A Living Will allows you to make decisions regarding life support and artificial nutrition and hydration ahead of time while you are legally competent. It also removes the difficult decisions from loved ones. If desired, these orders will take effect if you are in a “persistent vegetative state” or if you are terminal and do not want artificial nutrition, hydration, or life support administered. These directives will be written out in a Living Will, which the doctors must follow.

For example, a person living in North Carolina decides that she wishes to withhold life support, artificial nutrition, and hydration if she is in a persistent vegetative state. She also decides to withhold the same treatments if she is terminal and incurable. After signing the Living Will in front of a notary and two witnesses, she makes multiple copies and leaves them with her doctor, her human resources manager, friends, and family members who are likely to enact her wishes, and she leaves one copy in her briefcase and one in her car.
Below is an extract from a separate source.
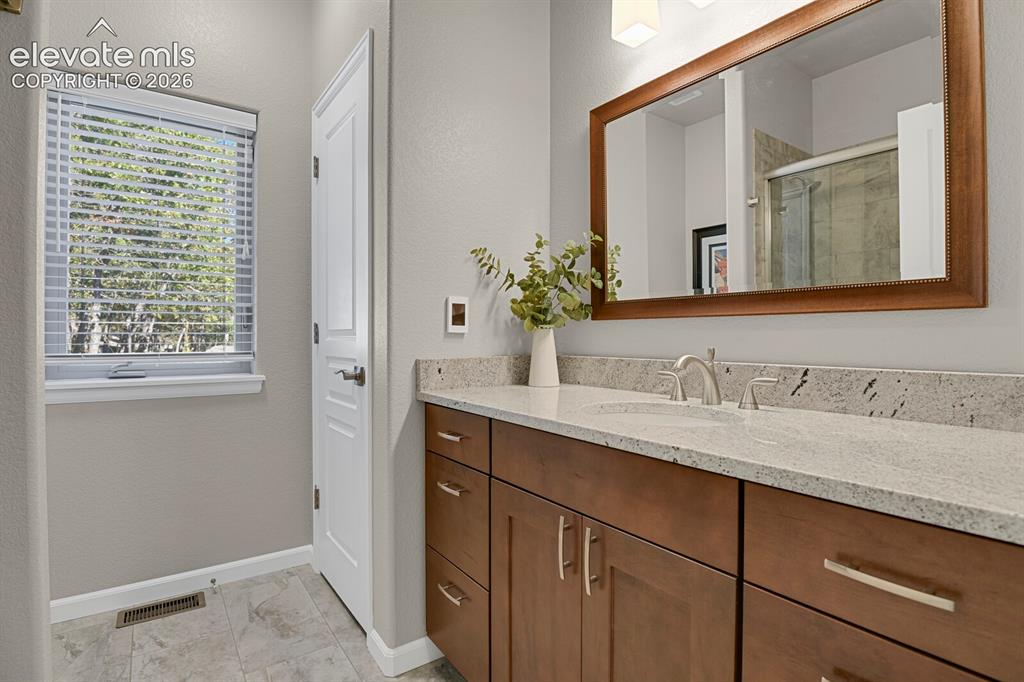 Image 27 of 46: Bathroom vanity featuring a stone countertop, under-mount sink, brushed nic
In North Carolina, if the situation arises and she is in a persistent vegetative state, then any doctor receiving a copy of her duly executed Living Will must obey the patient’s directives.

A Living Will is sometimes mistakenly called a Do Not Resuscitate Order (DNR). However, a true DNR is the actual order from a physician for other medical personnel (such as EMTs) to withhold life support, based on a patient’s wishes.

Many prospective clients have said, “Well, my family knows what I want to have done… let’s skip the Living Will.” We respond by saying, “Do you really want your son or daughter to think that they were responsible for your death for the rest of their lives so you can avoid paying $50 for a Living Will?”

What does a Living Will NOT do?

A Living Will does not take away your right to request life support, artificial nutrition or hydration if you are able to. It does not mean that you cannot revoke the Living Will or enact another one later. Remember, a Living Will only handles these critical decisions if you are unable to.

A Living Will also does not appoint someone else to make these decisions for you. It also does not appoint someone to make other decisions regarding your health if you are simply unable to communicate your wishes. Those appointments of health care agents are handled in a Health Care Power of Attorney. For more information, see Health Care Power of Attorney.

Lastly (at least for this discussion), your Living Will does not relieve you of your liability for your medical bills. Regardless of the treatment you receive under a Living Will, you (and/or your health insurance company under the terms of their contract with you) are still primarily responsible for the payment of medical bills. After all, in making a Living Will, you are making decisions for yourself regarding your medical treatment as if you were still capable of communicating them. Just because a decision is made ahead of time does not mean that someone else has to pay for the costs of your health care.